→ **Task instructions**:
Pictures excluded, retype the lines from the one containing "Porsche RS Spyder Team Essex" through the last line of the data below, both included.

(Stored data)
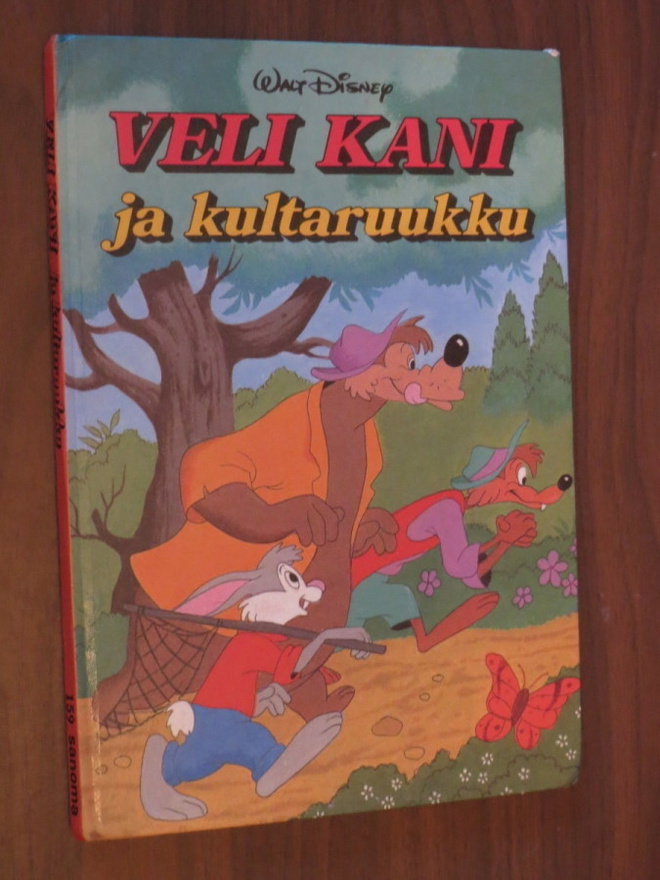 Veli Kani ja kultaruukku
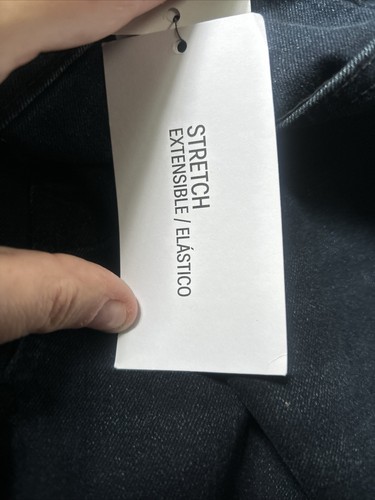 Calvin Klein schlank gerade ausziehbar Jungen * Gr. 20 Farbe ist Bostonblau - Bild 8 von 13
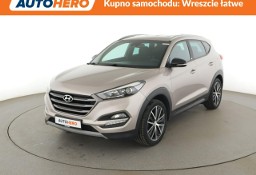 Hyundai Tucson III 4x4 auto klima navi kamera manual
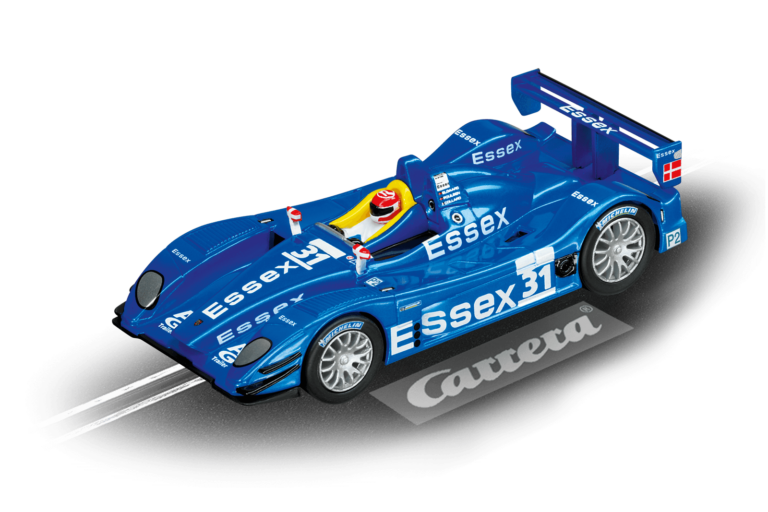 Porsche RS Spyder Team Essex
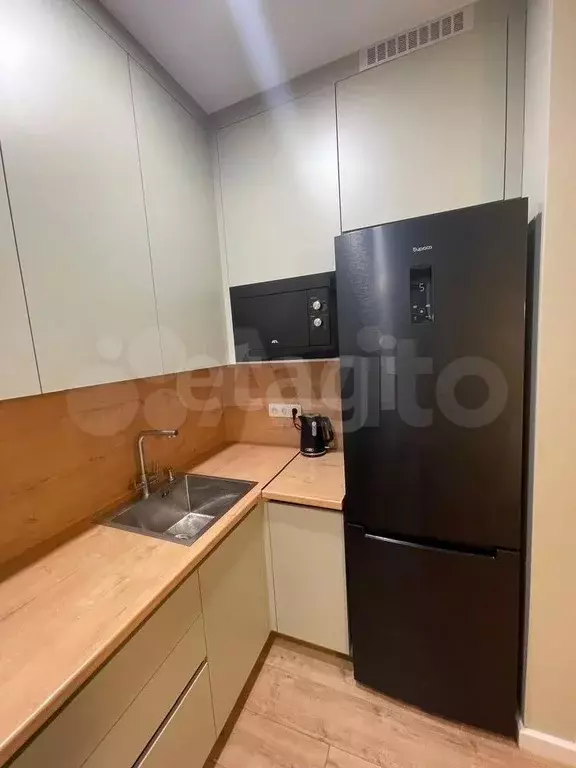 1-к. квартира, 40 м, 25/25 эт. - Фото 1
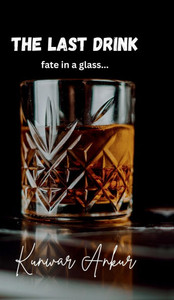 The Last Drink: fate in a glass... - (Hardback or Cased Book) The Last Drink: fate in a glass... - (Hardback or Cased Book)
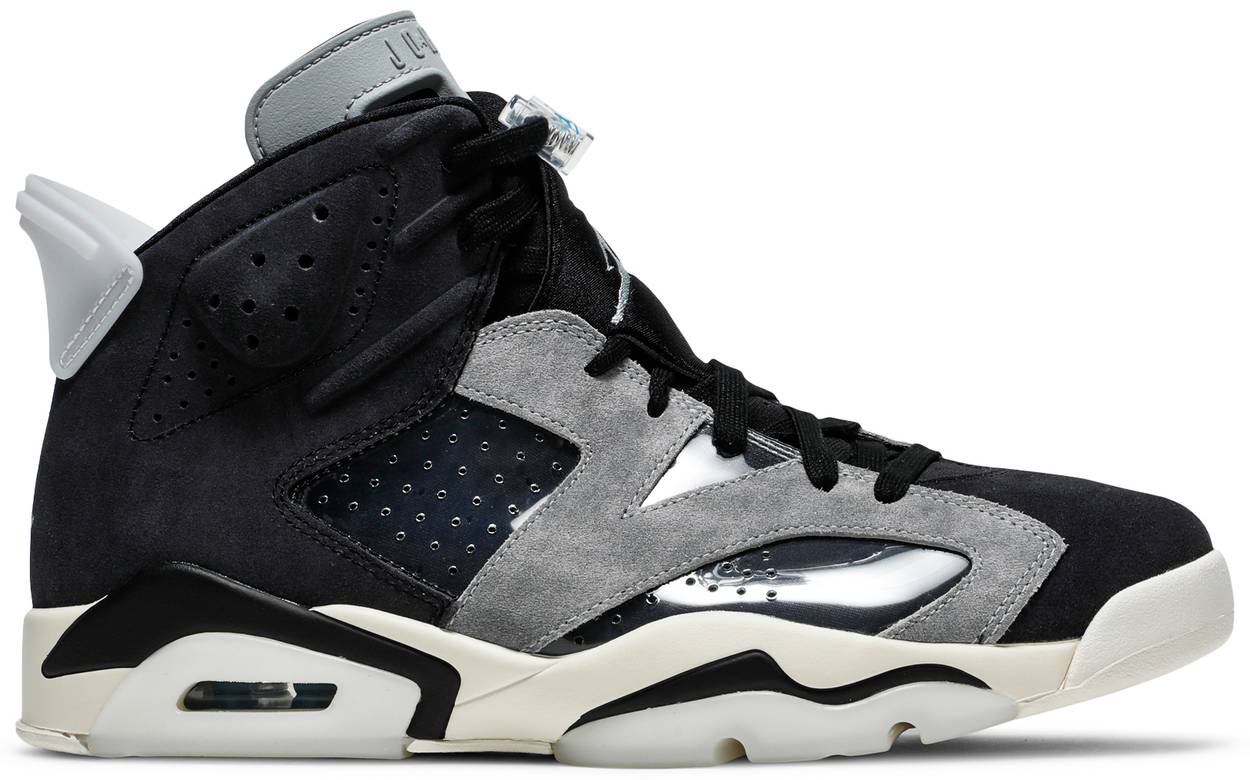 Air Jordan 6 Retro 'Tech Chrome'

→ **Written reply**:
 Porsche RS Spyder Team Essex
 1-к. квартира, 40 м, 25/25 эт. - Фото 1
 The Last Drink: fate in a glass... - (Hardback or Cased Book) The Last Drink: fate in a glass... - (Hardback or Cased Book)
 Air Jordan 6 Retro 'Tech Chrome'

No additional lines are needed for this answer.